Some sects of Islam treat the world Allah made as a system with many tappings and workings that they can use and exploit, just like science, but that's besides the point; I was just told that somewhere, after all.

Can you name any of these sects?

Quote
Just because science may or may not be slightly more accurate than other religions does not stop it from being one.

Well, it is more accurate, and by many orders of magnitude.  The modern scientific method has been as it is for 150 years.  Look at how much the world has changed because of it in that time.  Look at how much more we know.  Look at, as I said above, the fact that we can create satnavs - something that would be utterly unthinkable to people of 150 years ago.

Then look at the 200,000 years prior to that and how far the human race advanced in that time.
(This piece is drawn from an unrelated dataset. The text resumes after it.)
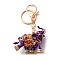 Alloy Rhinestone Keychains, Enamel Style, Elephant Pendant Keychain, Old Rose, 11cm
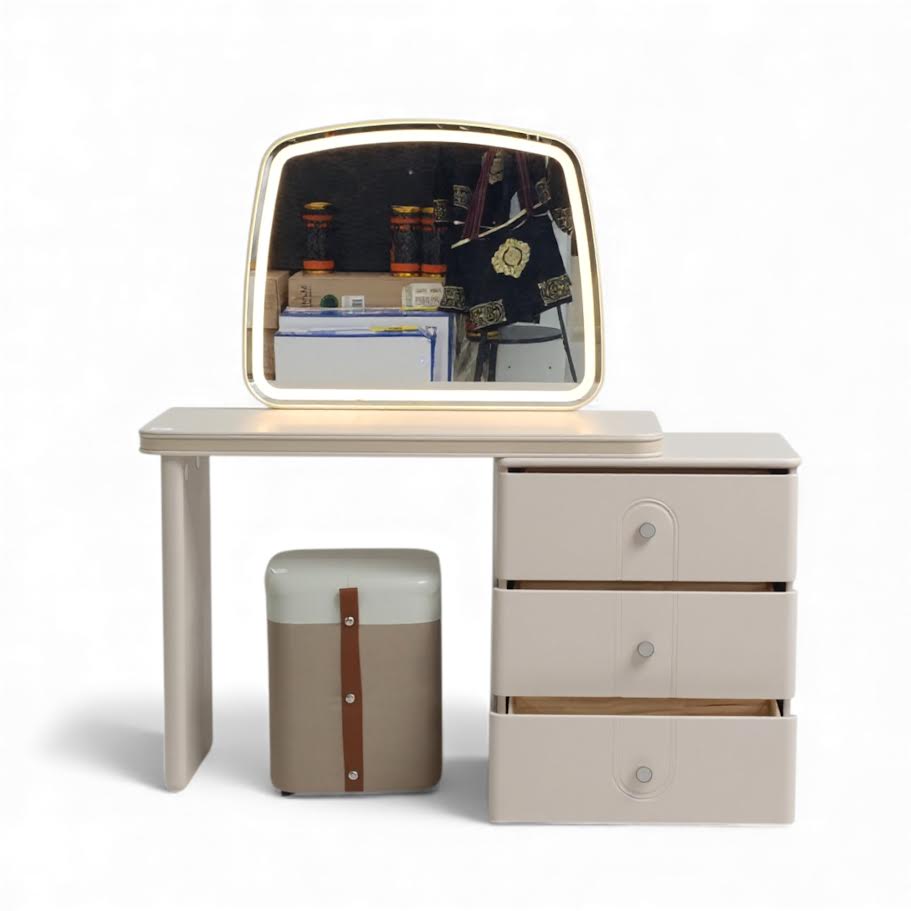 Dresser Table Cream LED Mirror With Stool  8522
There really is no contest when it comes to which model better describes the world around us.

Quote
Just because the end result of science is different than other religions, doesn't mean it can't start in the same way.
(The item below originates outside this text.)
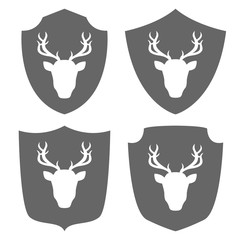 Deer head on coat of arms. Icon set. Vector.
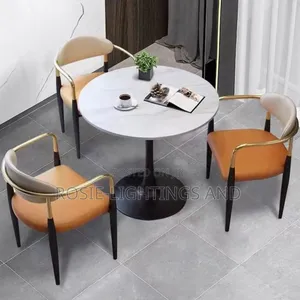 Round Dinning Marble Table and 3 Armrest Dinning Chairs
The end result is that there is a result.  I'm typing this message on a computer.  Science works.

Again, the difference between science and a religion is that you need faith in order to believe in a religion.  Science is transparent, replicable, falsifiable, and the results of it are all around us and, as such, requires no faith. 

Is it flawless?  No.  Could the process of advancing science be improved?  Yes.  Can everybody understand every scientific result without years of education?  No. 

But the scientific method itself works.  Demonstrably so.  80 years ago there was no such thing as an electronic computer.  Now almost everybody in the Western world owns one they can hold in the palm of their hand.

You do not need to have faith in science, because it clearly, obviously, demonstrably, works.  And nobody who is communicating over the internet can deny that.